Hello everybody, new to this forum and I guess an intermediate level smoker.

I started with a bullet years ago then went to a smoke generator and a cold house. Moved to an offset smoker then gas then electric. But guess what???? I have reverted back to a Bullet because I just feel so much more involved and the stuff I've picked up on over the years can now be incorporated.

Here is the story:

I bought the typical $50 Bullet at Lowes and soon realized it had great potential but as it stood it was pretty erratic. I did my research and drilled the charcoal pan with 8 1/2" holes and fitted an Oklahoma Joe's thermometer. I discarded the water pan and put two large diameter pizza stones in its place. Then put a throw away style aluminum drip pan on them. Sealed the lid mating surfaces and the coal door with high temp black RTV. Put wax paper on one surface to keep the RTV in the lid portion and on the back of the door. Now it cooked so much better with no leakage.

Before mods temps were erratic and spiky with about 180f max. After mods it smoked so much more efficiently and under control, but not as good as the WSM. Oh, and I put 'U' bolts on the food racks to be able to lift them in/out. Put four on the Charcoal Grate then inverted it to hold it clear of the charcoal pan and the vent holes.
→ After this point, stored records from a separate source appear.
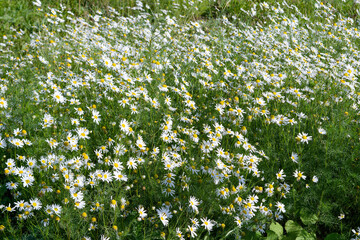 Chamomile flower field. Field of chamomiles at sunny day at nature.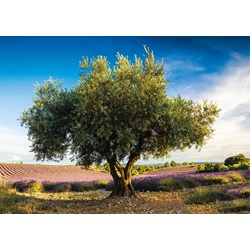 Schmidt Spiele (58357) - "Olive Tree in Provence" - 1000 piezas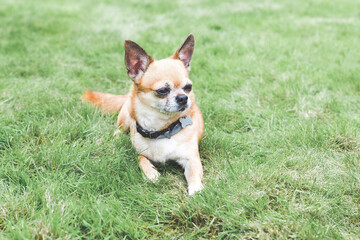 funny cute red brown dog chihuahua lies on a green lawn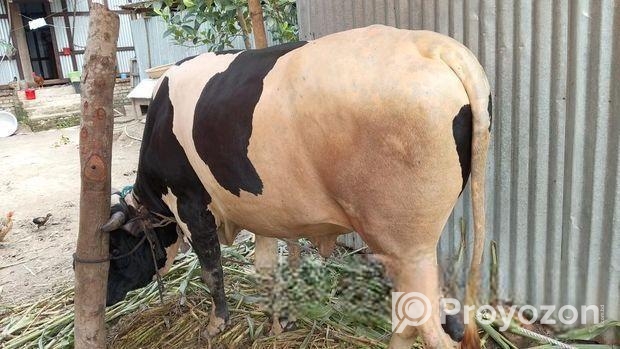 Cow sell Post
Now, more recently, two more came up on sale in Walmart for $17 each. I could not refuse. Next mod was to take a top and fit Charbroil tubular legs to it so turning it into a bottom. Also made provisions for supporting the charcoal pan directly into it so I could lift everything off to attend to the fire. Did the RTV seal on the bottom and fitted four over-center latches to the top and bottom portions to maintain 100% seal. Unit sits about 10" higher which puts it up to WSM height. Then fitted an offset hood hinge plus silicon grommets for three remote probe installation.

Next I fitted a BGE vent to the top and the BGE sliding air inlet to the bottom. This is a smoking beast now, maintaining any temp I set between 150f and 350f and on Royal Oak lump charcoal I can sustain an 8 hour smoke. Re-fueling and adding smoke wood is a doddle. I cannot fault it and have found no shortcomings even though I push it hard and long. Total money invested:

$84.00 for three 18" smokers
$17.50 for thermometer
$26.00 for legs
$23.00 for latches
$37.50 Hood Hinge
$35.00 BGE Chimney
$20.00 BGE Inlet vent
$25.00 aprox for RTV and Fasteners etc

Total = $268.00

A bit cheaper than a WSM which is held as the gold standard...and I would judge it to be very comparable on performance, possibly better. Plus I have loads of pieces parts to form the basis of another custom build.

Life is smokin"

Questions and comments welcomed....thank you for your patience...


----------



## HalfSmoked (Feb 28, 2019)

That is what I started doing my smoking on also. It was use till there was nothing left of it.

Let me also say welcome to SMF.

Warren


----------



## Ian Burnt Ends (Feb 28, 2019)

HalfSmoked said:


> That is what I started doing my smoking on also. It was use till there was nothing left of it.
> 
> Let me also say welcome to SMF.
> 
> Warren


Thank you for the welcome Warren, I feel that I will learn a lot and have some fun here...


----------



## fivetricks (Feb 28, 2019)

I'd love to see pics of it all :-)


----------



## kruizer (Feb 28, 2019)

Welcome to SMF from Minnesota.


----------



## MetalHeadMeatEater (Feb 28, 2019)

Thanks for the good read, Ian! And happy smoking from Texas!


----------



## Ian Burnt Ends (Mar 1, 2019)

fivetricks said:


> I'd love to see pics of it all :-)


G'day, I have been taking stage pictures on my phone but having trouble sorting it out. Going to be pretty busy over the next three or four days so I promise I will get back with plenty pictures by mid next week...


----------



## Ian Burnt Ends (Mar 1, 2019)

MetalHeadMeatEater said:


> Thanks for the good read, Ian! And happy smoking from Texas!


Once I get a new hobby...stand back...:-)


----------



## Ian Burnt Ends (Mar 1, 2019)

kruizer said:


> Welcome to SMF from Minnesota.


Looking forward to learning lots from you guys....


----------



## Ian Burnt Ends (Mar 6, 2019)

Here are some pictures of the modified bullet, enjoy...


----------



## Ian Burnt Ends (Mar 6, 2019)

fivetricks said:


> I'd love to see pics of it all :-)


Pics posted...


----------



## Ian Burnt Ends (Mar 20, 2019)

Since starting this thread I have now smoked ribs, spatchcocked chicken, homemade sausages, chicken legs, brisket, pork butts and salmon. Modifying this machine was well worth the effort. It is totally air tight except for the air inlet and exhaust outlet. Temp control and longevity of fire is amazing.

I am now working on coupling a flexible hose from the exhaust vent stub to a stub I will weld on the door of the small bullet that I used as a test rig. With about five foot or so of hose I hope to convert the smaller unit into a cold smoker.


----------